This all sounds really depressing, and it certainly was hard to see all this destruction and despair. So I want to return, as the lovely people we met there always do, to the beauty. I want to focus, as Eve Tuck urges, on the desire, not only the damage (though, to be honest, it is hard to ignore). Some of the most beautiful sites I’ve ever seen were those I saw in West Virginia, the sun as it caught the thick canopy of brightly colored leaves in the woods, the view overlooking an extensive mountain range, carpeted in thick, multicolored forests that touched the bright blue sky at the horizon. I found myself growing emotionally connected to these mountains, and if that happened to me after only a few days, I can barely imagine how the people who were born here, grew up here, feel. These mountains represent their ancestry, their heritage, their spirits. They are tied to this land in a way many Americans have forgotten (perhaps never had), and this tie is being viciously hacked at by our country’s relentless demand for fossil fuels.

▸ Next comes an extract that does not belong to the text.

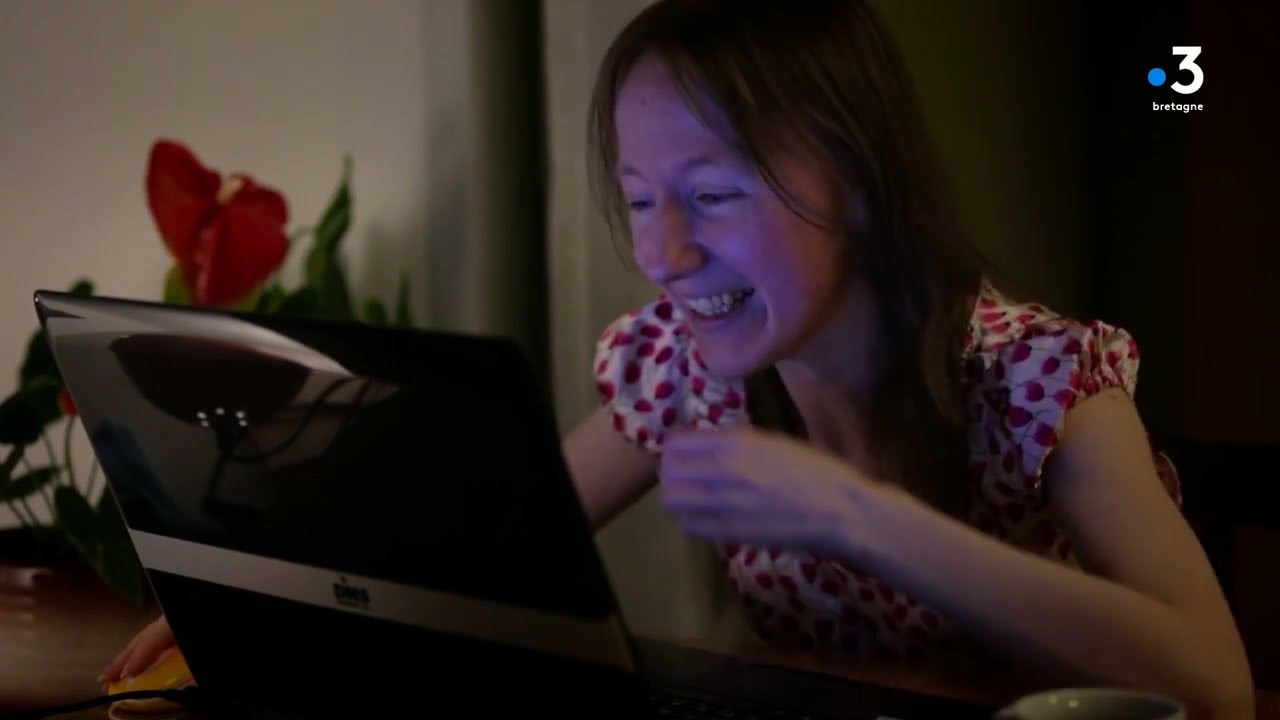 Teir flac'h deuet eus ar Reter / Trois femmes venues de l'Est : teulfilm / documentaire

AND, they are resisting it. These people, for the past several years, have been building a movement to fight this oppression, similar to those fought on other fronts throughout history and today. This trip was particularly helpful for me in connecting these many struggles in my mind, in realizing that whether you or I choose to fight against prisons, racism, classism, homophobia, climate change, or any of the myriad other injustices in the world, we will all be fighting the same fight, united in our work to make things better. And the only way we’ll succeed in any capacity is if the many groups and movements support each other.
Meiners, Erica R. Right to Be Hostile: Schools, Prisons, and the Making of Public Enemies. New York: Routledge, 2007. Print.
Tuck, Eve. "Suspending Damage: A Letter to Communities." Harvard Educational Review 79.3 (2009): 409-27. Print.